Imagine spilling a box full of Lego bricks over a table. Now—take a leap with me—don your imaginary augmented reality glasses. The camera in the AR glasses will immediately start cataloging all the different types of bricks in front of you, from different shapes to colors, offering up suggestions on models you can build with the pieces you have. But wait, someone is at the door. You go to check it and come back. Thankfully, your glasses don’t need to rescan all of those pieces. The AR knows they’re sitting on the table where you left them.
That ability to continuously remember real-life objects that have been scanned is the main pitch of a new AR software platform called Perceptus from Singulos Research. Perceptus can hold those objects in memory even if the camera is not directly looking at the scene anymore. As you walked over to answer the door, the Perceptus platform kept thinking about what else you could build with the pieces on the table. It didn’t stop working just because you were no longer looking at the pieces.

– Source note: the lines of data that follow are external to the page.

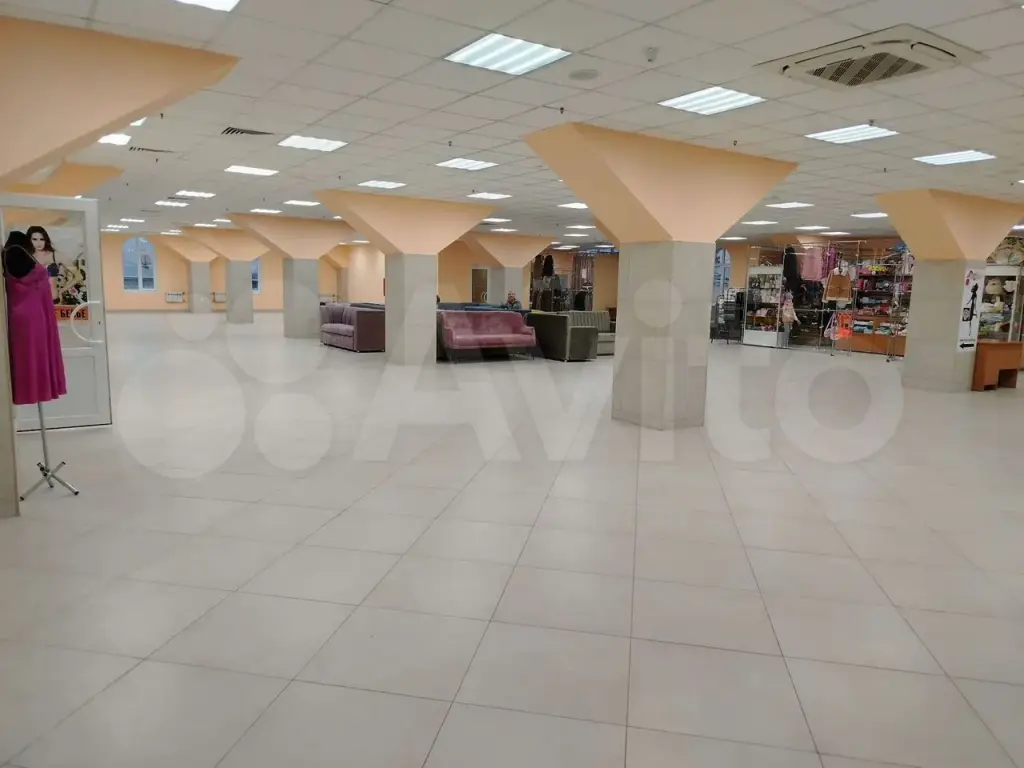 Елец | Помещение свободного назначения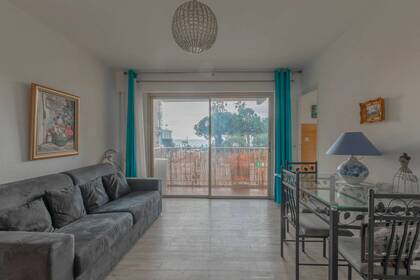 Winter Immobilier - Appartement - Nice - Californie / Ferber / Carras - Nice - b84f6eeb0c98ade94dd416d767db3132_5fe877e8f0_1920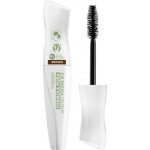 Deborah Milano Formula Pura řasenka pro řas BIO hnědá, 12 ml – Hledejceny.cz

“When we are in an AR space, we don’t look at the whole room all at once, we only look at a part of it,” says Brad Quinton, Singulos Research’s CEO. “As humans, we have no trouble with the idea that there are things that exist that we can’t see at the moment because we saw them before and we remember them. Once you have AR that can understand what’s around you, it can go off and proactively do things for you.”
At least, that’s the idea. Perceptus acts as a layer above existing AR technologies like Apple’s ARKit or Google’s ARCore, which developers use today to create AR apps. But a lot needs to happen behind the scenes before this can work on your smartphone or tablet.
The app developer provides Singulos Research with 3D models of the Lego bricks—or any object—it wants Perceptus to detect. The platform then uses a type of machine learning process in which it studies all the different ways it can expect to see the object in the real world, with different lighting conditions, on various surfaces, and so on. Perceptus is then layered over the developer’s app, allowing it to utilize this new object comprehension. It’s the developer’s job to make sure the app actually gives you things to do with the objects, like the way our imaginary Lego app might suggest stuff you can build using the bricks it identifies.
Object scanning and identification are still very much manual processes. To start, app developers who license the Perceptus platform will need to provide computer-aided design models of the objects they want it to memorize. But those CAD models will be added to Singulos’ library, and future developers will be able to hunt through the digital stacks to more quickly find the objects they need. Soon, Quinton expects Perceptus to be able to identify a swath of common items—especially since there are already “large numbers of very accurate 3D models available” from video game makers.